■ EXERCISE GOAL: Give the line containing "7000 ton zand transporteren VV Staphorst" again, exactly, along with all later lines of the entries, through the last one.

** DATA FOR PROCESSING follows **

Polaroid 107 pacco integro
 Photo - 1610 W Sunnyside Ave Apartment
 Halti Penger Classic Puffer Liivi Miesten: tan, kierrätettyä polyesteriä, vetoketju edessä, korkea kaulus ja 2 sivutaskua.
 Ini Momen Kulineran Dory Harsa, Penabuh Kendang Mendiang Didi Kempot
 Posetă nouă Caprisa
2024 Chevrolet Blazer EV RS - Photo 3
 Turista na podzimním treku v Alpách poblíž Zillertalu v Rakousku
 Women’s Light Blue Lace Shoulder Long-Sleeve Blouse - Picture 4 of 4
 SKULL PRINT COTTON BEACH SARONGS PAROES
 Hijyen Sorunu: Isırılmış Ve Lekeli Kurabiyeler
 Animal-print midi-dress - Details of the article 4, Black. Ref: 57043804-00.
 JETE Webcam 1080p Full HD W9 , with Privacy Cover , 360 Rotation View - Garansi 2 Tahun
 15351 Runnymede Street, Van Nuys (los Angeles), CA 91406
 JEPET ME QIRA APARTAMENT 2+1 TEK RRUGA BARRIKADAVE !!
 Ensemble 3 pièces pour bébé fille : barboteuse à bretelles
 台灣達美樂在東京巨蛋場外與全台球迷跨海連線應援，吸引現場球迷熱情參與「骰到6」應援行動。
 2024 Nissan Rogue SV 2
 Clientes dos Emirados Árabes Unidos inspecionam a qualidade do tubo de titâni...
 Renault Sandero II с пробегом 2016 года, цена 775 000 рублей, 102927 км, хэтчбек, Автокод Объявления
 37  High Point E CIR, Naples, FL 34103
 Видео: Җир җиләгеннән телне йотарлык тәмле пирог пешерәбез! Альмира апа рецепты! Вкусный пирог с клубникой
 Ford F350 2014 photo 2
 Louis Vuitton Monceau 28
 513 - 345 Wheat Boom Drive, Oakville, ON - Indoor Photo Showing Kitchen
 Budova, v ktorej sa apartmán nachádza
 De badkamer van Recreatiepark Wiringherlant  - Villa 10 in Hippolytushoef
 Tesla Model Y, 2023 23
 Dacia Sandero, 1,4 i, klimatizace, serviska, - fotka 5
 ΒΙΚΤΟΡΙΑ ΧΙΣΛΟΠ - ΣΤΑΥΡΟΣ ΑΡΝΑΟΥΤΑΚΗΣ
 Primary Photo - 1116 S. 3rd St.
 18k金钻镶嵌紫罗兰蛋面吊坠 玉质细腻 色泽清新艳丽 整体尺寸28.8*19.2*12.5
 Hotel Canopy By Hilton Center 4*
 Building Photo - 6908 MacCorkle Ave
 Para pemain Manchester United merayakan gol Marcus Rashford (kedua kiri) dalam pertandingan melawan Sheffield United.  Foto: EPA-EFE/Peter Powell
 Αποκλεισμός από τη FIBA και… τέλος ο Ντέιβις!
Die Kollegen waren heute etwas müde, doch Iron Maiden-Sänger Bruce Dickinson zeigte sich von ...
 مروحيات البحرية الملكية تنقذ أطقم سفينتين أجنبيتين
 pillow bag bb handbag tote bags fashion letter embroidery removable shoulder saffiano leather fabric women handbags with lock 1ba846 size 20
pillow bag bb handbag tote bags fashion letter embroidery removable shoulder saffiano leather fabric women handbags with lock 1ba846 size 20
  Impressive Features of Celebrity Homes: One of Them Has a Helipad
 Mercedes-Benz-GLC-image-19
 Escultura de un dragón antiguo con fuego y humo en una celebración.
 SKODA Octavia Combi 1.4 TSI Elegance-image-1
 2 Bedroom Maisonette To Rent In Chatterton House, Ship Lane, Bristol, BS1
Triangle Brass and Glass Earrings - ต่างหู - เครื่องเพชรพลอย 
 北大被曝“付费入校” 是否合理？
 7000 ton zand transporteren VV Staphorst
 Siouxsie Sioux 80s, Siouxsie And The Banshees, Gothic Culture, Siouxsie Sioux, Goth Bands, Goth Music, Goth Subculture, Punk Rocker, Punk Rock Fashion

** End of DATA FOR PROCESSING **

■ SOLUTION BELOW:
 7000 ton zand transporteren VV Staphorst
 Siouxsie Sioux 80s, Siouxsie And The Banshees, Gothic Culture, Siouxsie Sioux, Goth Bands, Goth Music, Goth Subculture, Punk Rocker, Punk Rock Fashion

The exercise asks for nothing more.